When you reach the line containing "Steinway sons magazine", begin copying, and keep copying each line exactly until the listing ends.

[Start of Attachment]

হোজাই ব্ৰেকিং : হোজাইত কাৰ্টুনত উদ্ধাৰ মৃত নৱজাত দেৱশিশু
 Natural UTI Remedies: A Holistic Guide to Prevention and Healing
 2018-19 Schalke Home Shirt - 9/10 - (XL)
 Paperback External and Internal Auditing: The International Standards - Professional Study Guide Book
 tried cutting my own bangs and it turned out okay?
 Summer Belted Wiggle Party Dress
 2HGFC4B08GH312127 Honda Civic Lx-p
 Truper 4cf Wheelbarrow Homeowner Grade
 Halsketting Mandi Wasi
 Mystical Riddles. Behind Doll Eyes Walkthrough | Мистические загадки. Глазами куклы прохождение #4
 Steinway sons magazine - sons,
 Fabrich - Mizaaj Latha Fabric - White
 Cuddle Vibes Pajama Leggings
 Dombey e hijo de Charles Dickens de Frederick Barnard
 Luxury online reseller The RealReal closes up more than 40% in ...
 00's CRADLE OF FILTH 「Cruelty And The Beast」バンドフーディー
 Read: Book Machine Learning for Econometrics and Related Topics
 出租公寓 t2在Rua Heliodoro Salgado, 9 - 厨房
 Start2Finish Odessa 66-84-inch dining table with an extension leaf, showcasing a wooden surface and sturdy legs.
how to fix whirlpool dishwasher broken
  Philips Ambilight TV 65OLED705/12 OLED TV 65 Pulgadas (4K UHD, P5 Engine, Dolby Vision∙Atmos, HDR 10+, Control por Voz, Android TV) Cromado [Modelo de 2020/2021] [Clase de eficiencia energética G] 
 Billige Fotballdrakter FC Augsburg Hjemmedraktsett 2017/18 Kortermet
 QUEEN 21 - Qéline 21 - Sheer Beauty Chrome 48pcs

[End of Attachment]

__RESPONSE AREA__.
 Steinway sons magazine - sons,
 Fabrich - Mizaaj Latha Fabric - White
 Cuddle Vibes Pajama Leggings
 Dombey e hijo de Charles Dickens de Frederick Barnard
 Luxury online reseller The RealReal closes up more than 40% in ...
 00's CRADLE OF FILTH 「Cruelty And The Beast」バンドフーディー
 Read: Book Machine Learning for Econometrics and Related Topics
 出租公寓 t2在Rua Heliodoro Salgado, 9 - 厨房
 Start2Finish Odessa 66-84-inch dining table with an extension leaf, showcasing a wooden surface and sturdy legs.
how to fix whirlpool dishwasher broken
  Philips Ambilight TV 65OLED705/12 OLED TV 65 Pulgadas (4K UHD, P5 Engine, Dolby Vision∙Atmos, HDR 10+, Control por Voz, Android TV) Cromado [Modelo de 2020/2021] [Clase de eficiencia energética G] 
 Billige Fotballdrakter FC Augsburg Hjemmedraktsett 2017/18 Kortermet
 QUEEN 21 - Qéline 21 - Sheer Beauty Chrome 48pcs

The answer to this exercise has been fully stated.